The only royal interview I confess to watching was Prince Andrew being quizzed by the relentless Emily Maitlis about his paedophilia and association with the frolics and crimes of Jeffrey Epstein. My mild curiosity wasn’t to do with royalty or how it would impact on the House of Windsor. I wondered if a British prince would face prosecution and jail and it was mildly amusing watching this idle icon of British tribalism sweat and squirm.

And now that poor Meghan, perhaps as a result of her “disclosures” in the Oprah interview, the victim in her own “confessions”, has signed a $100 million contract with Netflix, we can all cry in chorus for her as she painfully stumbles and staggers all the way to the bank.

But enough of her – let’s talk about me. I met Oprah or she met me when she was invited to a Channel 4 dinner and I worked there. It was a very select dinner and, I suppose, as the only editor of colour in the channel at the time, I was invited by our boss Michael Grade. We were served cocktails by uniformed barmen and then dinner in the boardroom by liveried waiters. No expense spared.

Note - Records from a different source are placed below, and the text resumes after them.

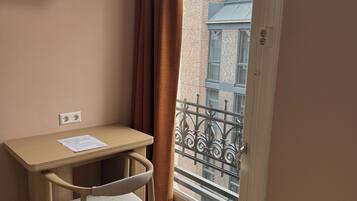 Kahden hengen superior-huone (kaksi sÀnkyÀ) | Silitysrauta/-lauta, ilmainen Wi-Fi, vuodevaatteet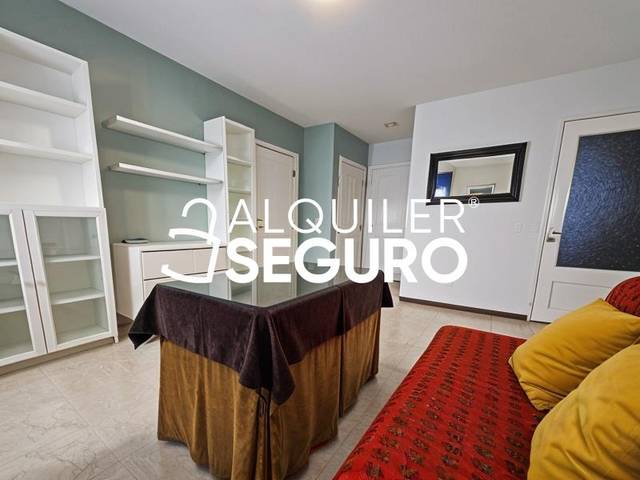 Piso en Alquiler en Grupo Los Principes  en Villegas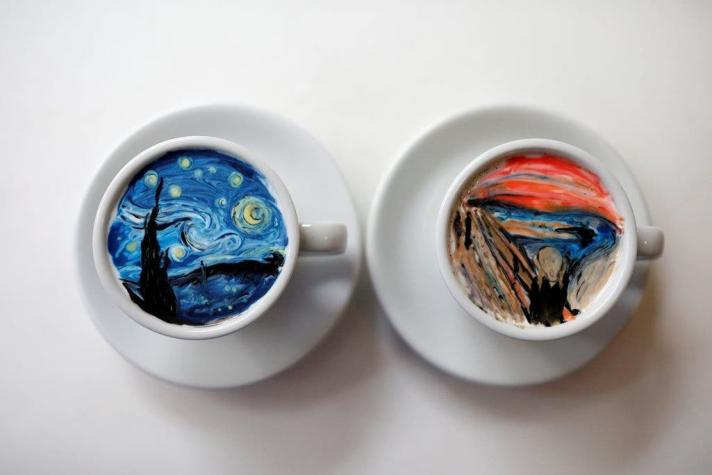 Barista surcoreano transforma tazas de café en obras de arte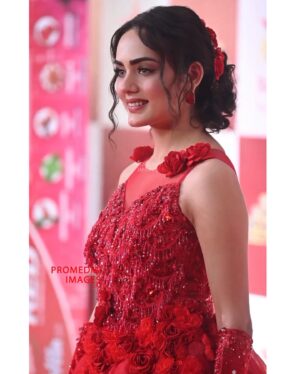 Himanshi Parashar Instagram - Star Parivaar Awards 2023❤️
.
#awardsnight
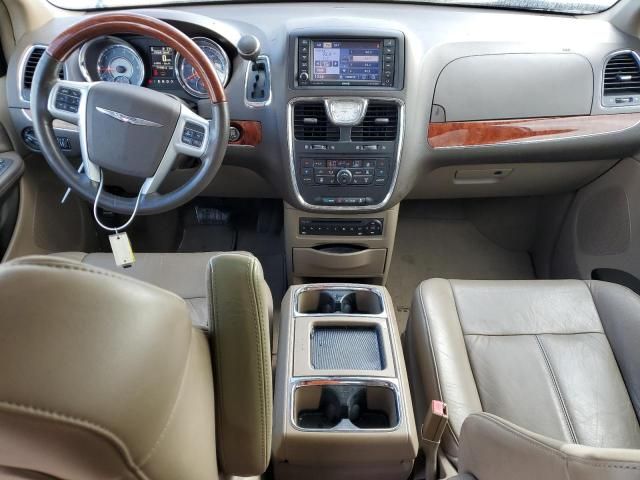 2013 Chrysler Town & Country Limited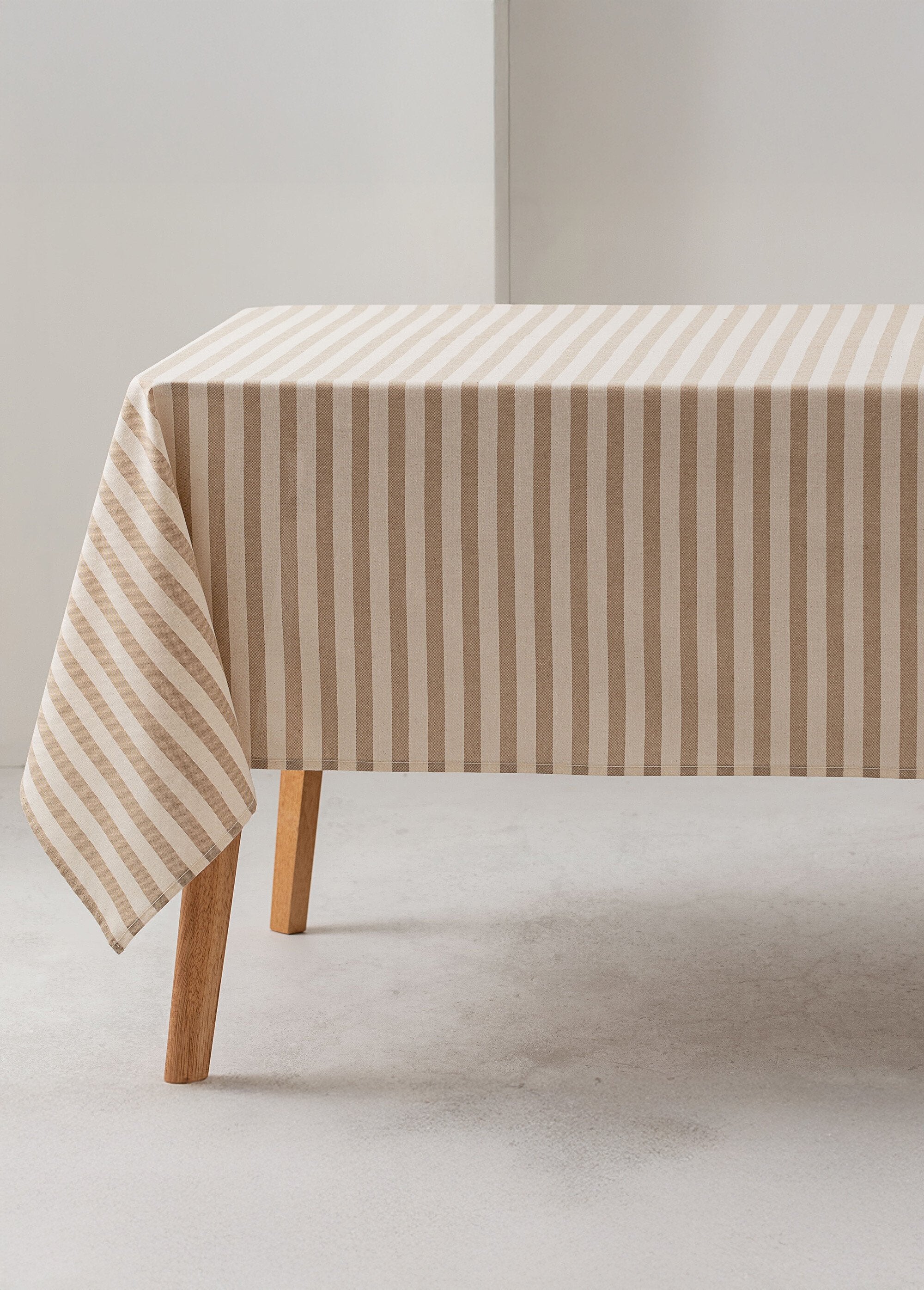 Stain-resistant_pure_cotton_tablecloth,_stripes_Beige_FA1_slim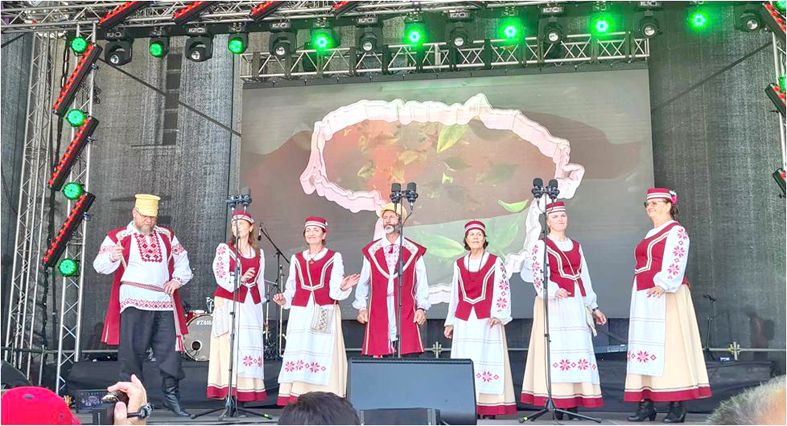 На Ратушной площади Вильнюса выступает клайпедский ансамбль «Купалiнка». Фото Николая Логвина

Oprah was seated at the head of the table with Michael and our beloved director of programmes, Liz Forgan. I was at the other end of the table and found myself sitting next to Oprah’s press secretary lady. We chatted through the first course and she said they had watched a riveting programme the previous evening in which a white South African eleven-year-old had exchanged places and families with a black South African lad of the same age. I had to say it was my idea and my programme. She was fascinated and asked what else I planned.

I said one of the areas I wanted to venture into was to examine Jazz and Soul as the classical music of America. She was curious, if not hooked.

“Which Soul and Jazz artists will you feature?”

“Depends on the thesis of the programme,” I said. “We are working on it.”

“Who are your favourites?”

“Today? I suppose Stevie Wonder and, by far the best for voice and technique belong, of course, to Aretha Franklin. Shame about her dress sense.”

The lady laughed and put her hand on her mouth as she did. Was this sacrilege?

Then she shouted across the room to Oprah and walked over to her at the other end of the table and the two of them came rushing over to me.

“You must tell her what you just said,” the press lady insisted, the amused shock still on her features.

Oprah pulled up a chair. I repeated my, perhaps injudicious, remark.
Oprah laughed. “I won’t say that’s so cheeky, but right on the ball,” she said -- or words to that effect. Our brief encounter didn’t hit the headlines. Netflix hasn’t offered me a cent.